4. Two spherical bodies, each of mass 50 kg, are placed at a separation of 20 cm. Equal charges are placed on the bodies and it is found that the force of Coulomb repulsion equals the gravitational attraction in magnitude. Find the magnitude of the charge placed on either body.

Sol:

Given: m₁ = m₂ = 50 kg; r = 20 cm = 0.2 m; F_g = F_e; q₁ = q₂ = q =?

According to the question,

→ F_g = F_e

Or, G * (m₁m₂)/r² = [1/ (4πε_o)]*[q₁q₂/ r²]

Or, 6.67 * 10^-11 *50² = 9.0 * 10⁹ * q² 

Or, q = 4.3 * 10^-9 C. 

5. A monkey is sitting on a tree limb. The limb exerts a normal force of 48 N and a frictional force of 20 N. Find the magnitude of the total force exerted by the limb on the monkey.

Sol:

The limb exerts a normal force 48 N and frictional force of 20 N. The magnitude of the Resultant force,

→ R = √ (N² + F_f²) 
Or, R = √ (48² + 20²) = 52 N

Therefore, the magnitude of the total force exerted by the limb on the monkey is 52 N.

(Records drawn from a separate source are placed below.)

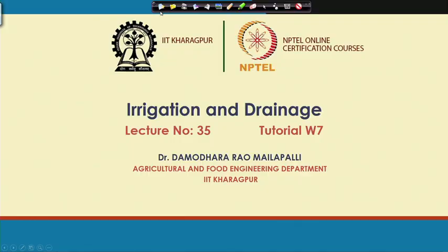This is lecture number 35, a tutorial mostly on week 7 lectures.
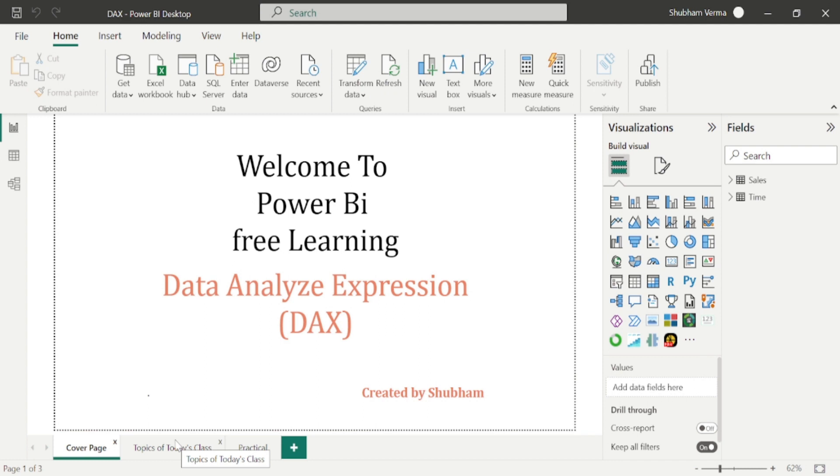Hello everyone, welcome back to our Power BI channel. Here we are covering DAX functions in this series.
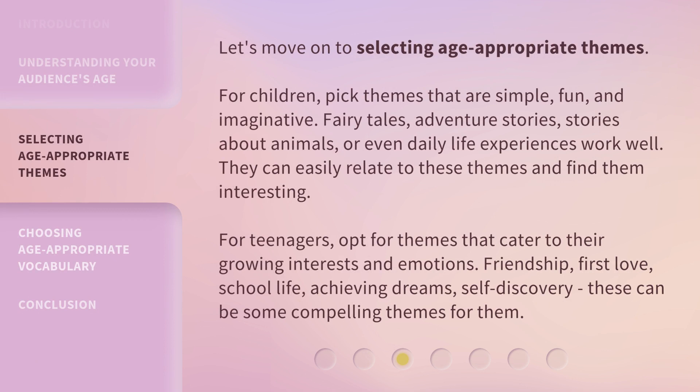Let's move on to selecting age-appropriate themes. For children, pick themes that are simple, fun, and imaginative. Fairy tales, adventure stories, stories about animals, or even daily life experiences work well. They can easily relate to these themes and find them interesting.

6. A body builder exerts a force of 150 N against a bullworker and compresses it by 20 cm. Calculate the spring constant of the spring in the bullworker.

Sol:

Given: F = 150 N; x = 20 cm = 0.2 m; k =?

We know, F = kx

Where, F = applied force; k = spring constant; x = deflection of spring.

So, k = F/x = 150/0.2 = 750 N/m.

Therefore, the spring constant of the spring in the bullworker is 750 N/m.

7. A satellite is projected vertically upwards from an earth station. At what height above the earth's surface will the force on the satellite due to the earth be reduced to half its value at the earth station? (Radius of the earth is 6400 km.)

Sol:

Suppose the height is h.

At earth station F = GMm/R²

Where, M = mass of earth

               m = mass of satellite

               R = Radius of earth

The force on the satellite due to the earth at height, h is F/2.

Now, F_{@ h} = GMm/ (R+h)² = F/2

Or, GMm/ (R+h)² = GMm/2R²   

Or, (R+h)² = 2R²

Or, h = √(2) * R – R =0.414 R 

Or, h = 2650 km.

8. Two charged particles placed at a separation of 20 cm exert 20 N of Coulomb force on each other. What will be the force if the separation is increased to 25 cm?

Sol:

Given: separation, R₁ = 20 cm = 0.2 m; F₁ = 20 N; if R₂ = 25 cm = 0.25 m, then F₂ =?

We have, F₁ = GMm/ (R₁)²

Or, 20 = GMm/0.2² → GMm = 0.8 N-m²

Now, F₂ = GMm/ (R₂)² 

Or, F₂ = 0.8 / 0.25² = 12.8 N.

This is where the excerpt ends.